Probate Attorney: St. Louis

Probate refers to the type of courts which primarily handle the estates of those that have died (“decedents”). The probate courts are designed to as “efficiently” (some clients would say I use that term loosely) to handle claims against a decedent’s estate by creditors and then transition assets out of the decedent’s estate to his/her heirs (if any).
Probate proceedings must be opened within one (1) year after a decedent passes away. The most common way to open up a probate proceeding is for an individual or entity to apply for letters of administration or letters testamentary in the appropriate probate court (i.e., the probate court in the county of the decedent’s domicile). The existence and stipulations of a will (if any) will determine what type of letters should be issued. The court will review an applicant’s qualifications to ensure that he/she is duly qualified to serve as personal representative of the estate. Once appointed, the personal representative will act as a fiduciary toward the estate to wind up the affairs.

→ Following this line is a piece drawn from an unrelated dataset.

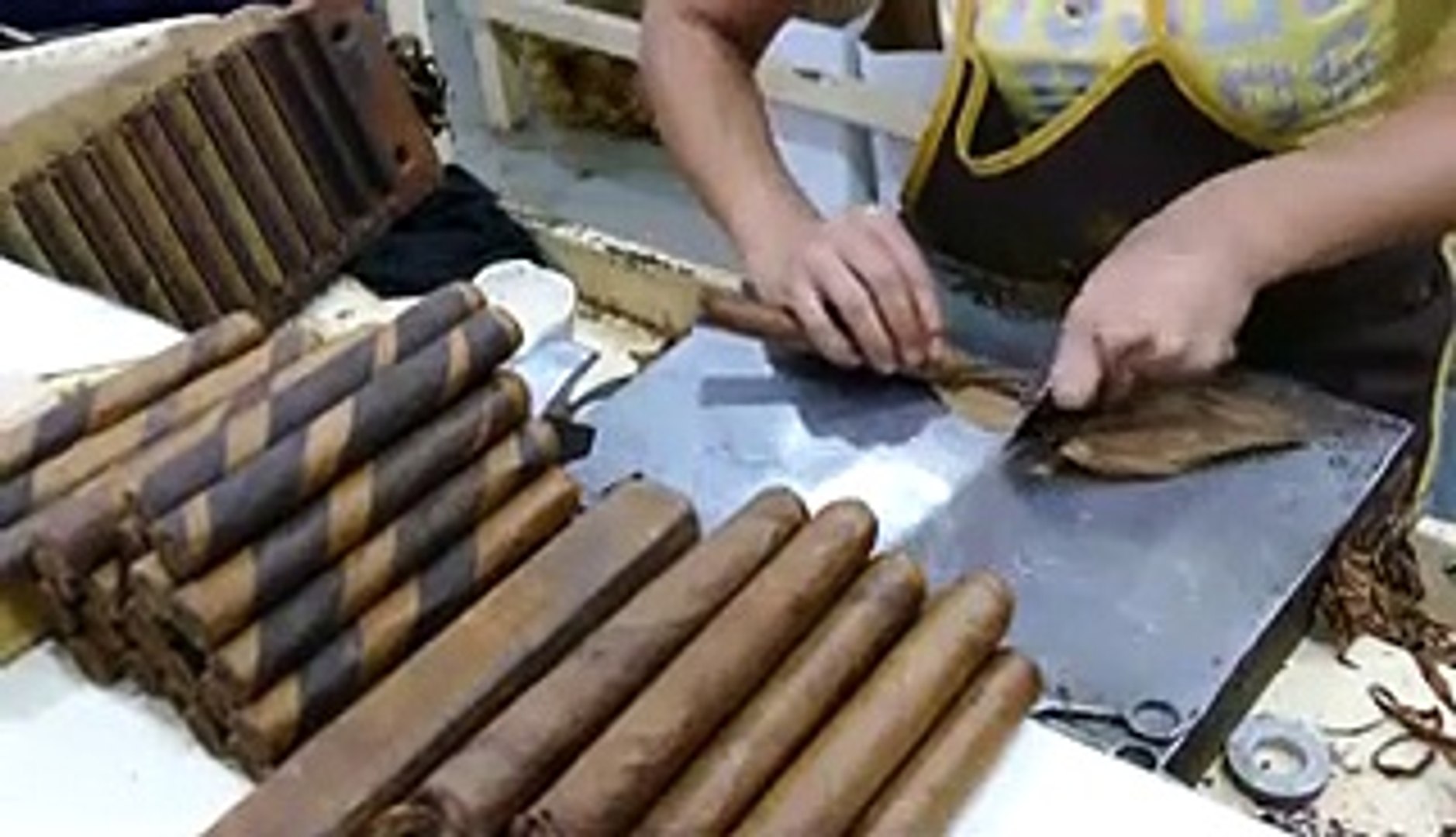 Why Cuban cigars are so expensive - video Dailymotion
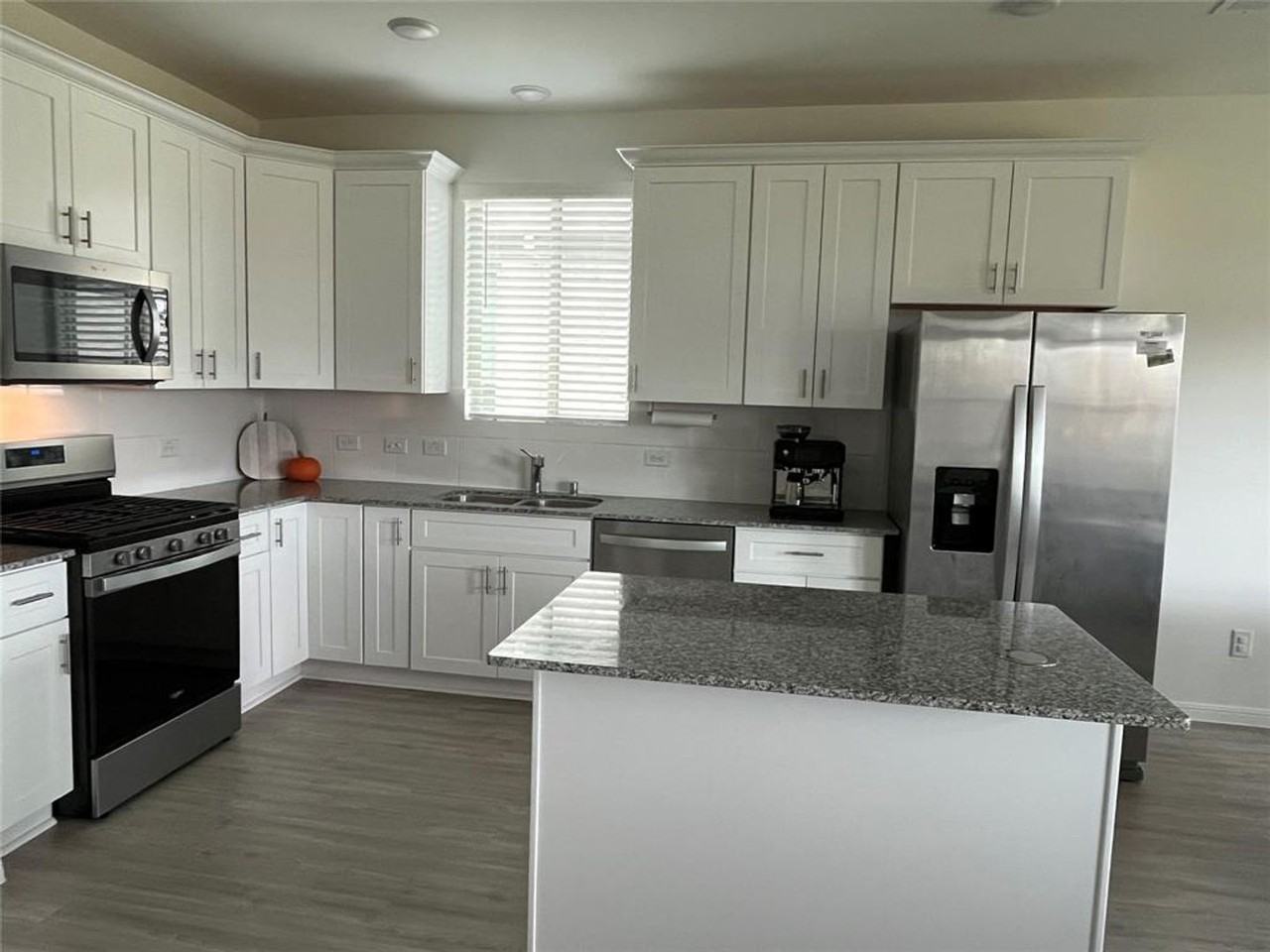 339 Paso Fino Dr - Photo 2 of 20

There is no doubting that the probate process is expensive. The personal representative is entitled to reasonable compensation for serving as personal representative. A decedent’s assets are often used to pay for court costs and maintaining property. And, under Missouri statutes, attorneys are entitled to a percentage of a probate estate as a minimum.
It is often the case, then, that people try to desperately avoid probate. The two easiest way to do this are to co-title assets by creating contractual POD/TOD arrangements or creating trusts (revocable or irrevocable living trusts). Before taking such steps though, it’s important to thoroughly consider the ramifications. Co-titling is often a blunt instrument that can lead to unintended consequences and trusts are an extremely specialized testamentary instrument.
Also note that the power of the probate court is not limited to managing decedents’ assets. Trust modifications and legal disputes involving minors are often delegated to probate courts.